#### Work order:
Repeat each line of the material exactly.

═══ Listed entries ═══

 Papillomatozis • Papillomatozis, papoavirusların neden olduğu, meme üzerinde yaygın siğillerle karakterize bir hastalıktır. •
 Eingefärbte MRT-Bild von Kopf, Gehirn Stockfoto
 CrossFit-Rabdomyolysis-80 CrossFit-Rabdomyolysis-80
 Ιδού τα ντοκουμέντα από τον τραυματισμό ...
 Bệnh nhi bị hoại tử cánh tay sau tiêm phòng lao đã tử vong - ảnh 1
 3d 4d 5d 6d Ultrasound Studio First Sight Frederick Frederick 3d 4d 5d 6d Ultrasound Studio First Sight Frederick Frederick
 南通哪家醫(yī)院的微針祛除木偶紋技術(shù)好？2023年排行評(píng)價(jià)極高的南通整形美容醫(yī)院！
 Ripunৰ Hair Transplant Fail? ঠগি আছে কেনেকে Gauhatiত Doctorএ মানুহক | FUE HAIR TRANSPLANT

═══

#### Task answer:
 Papillomatozis • Papillomatozis, papoavirusların neden olduğu, meme üzerinde yaygın siğillerle karakterize bir hastalıktır. •
 Eingefärbte MRT-Bild von Kopf, Gehirn Stockfoto
 CrossFit-Rabdomyolysis-80 CrossFit-Rabdomyolysis-80
 Ιδού τα ντοκουμέντα από τον τραυματισμό ...
 Bệnh nhi bị hoại tử cánh tay sau tiêm phòng lao đã tử vong - ảnh 1
 3d 4d 5d 6d Ultrasound Studio First Sight Frederick Frederick 3d 4d 5d 6d Ultrasound Studio First Sight Frederick Frederick
 南通哪家醫(yī)院的微針祛除木偶紋技術(shù)好？2023年排行評(píng)價(jià)極高的南通整形美容醫(yī)院！
 Ripunৰ Hair Transplant Fail? ঠগি আছে কেনেকে Gauhatiত Doctorএ মানুহক | FUE HAIR TRANSPLANT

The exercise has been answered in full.